INPUT RECORDS

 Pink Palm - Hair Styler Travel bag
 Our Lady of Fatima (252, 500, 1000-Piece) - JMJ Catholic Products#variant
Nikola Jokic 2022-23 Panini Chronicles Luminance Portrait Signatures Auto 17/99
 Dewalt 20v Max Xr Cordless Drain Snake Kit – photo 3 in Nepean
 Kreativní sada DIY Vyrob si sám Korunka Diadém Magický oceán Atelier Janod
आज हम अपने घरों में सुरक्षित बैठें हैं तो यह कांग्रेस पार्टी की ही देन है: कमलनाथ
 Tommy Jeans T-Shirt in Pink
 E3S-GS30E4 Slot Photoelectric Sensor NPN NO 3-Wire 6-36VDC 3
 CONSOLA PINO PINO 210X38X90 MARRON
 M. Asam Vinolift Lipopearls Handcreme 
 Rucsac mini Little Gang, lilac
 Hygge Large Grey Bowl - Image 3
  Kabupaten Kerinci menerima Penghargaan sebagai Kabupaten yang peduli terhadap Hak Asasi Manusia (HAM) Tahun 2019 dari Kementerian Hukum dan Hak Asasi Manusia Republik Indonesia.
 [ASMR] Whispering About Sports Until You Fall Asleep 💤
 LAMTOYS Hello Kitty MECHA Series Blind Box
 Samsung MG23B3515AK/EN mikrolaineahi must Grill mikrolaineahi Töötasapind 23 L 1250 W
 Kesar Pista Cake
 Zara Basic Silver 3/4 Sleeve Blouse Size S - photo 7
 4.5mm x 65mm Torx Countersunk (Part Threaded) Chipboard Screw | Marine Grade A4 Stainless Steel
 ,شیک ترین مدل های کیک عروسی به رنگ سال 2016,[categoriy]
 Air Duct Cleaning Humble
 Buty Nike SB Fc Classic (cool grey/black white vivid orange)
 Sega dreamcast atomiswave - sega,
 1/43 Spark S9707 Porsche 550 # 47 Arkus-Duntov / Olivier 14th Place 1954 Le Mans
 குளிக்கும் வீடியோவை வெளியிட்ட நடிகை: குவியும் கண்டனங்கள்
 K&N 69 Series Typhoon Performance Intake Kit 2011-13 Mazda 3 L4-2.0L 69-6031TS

WHAT YOU SHOULD DO
From the records above, transcribe exactly the run of lines that opens with the line holding "Zara Basic Silver" and closes with the line holding "Air Duct Cleaning Humble", both included.

RESPONSE BELOW
 Zara Basic Silver 3/4 Sleeve Blouse Size S - photo 7
 4.5mm x 65mm Torx Countersunk (Part Threaded) Chipboard Screw | Marine Grade A4 Stainless Steel
 ,شیک ترین مدل های کیک عروسی به رنگ سال 2016,[categoriy]
 Air Duct Cleaning Humble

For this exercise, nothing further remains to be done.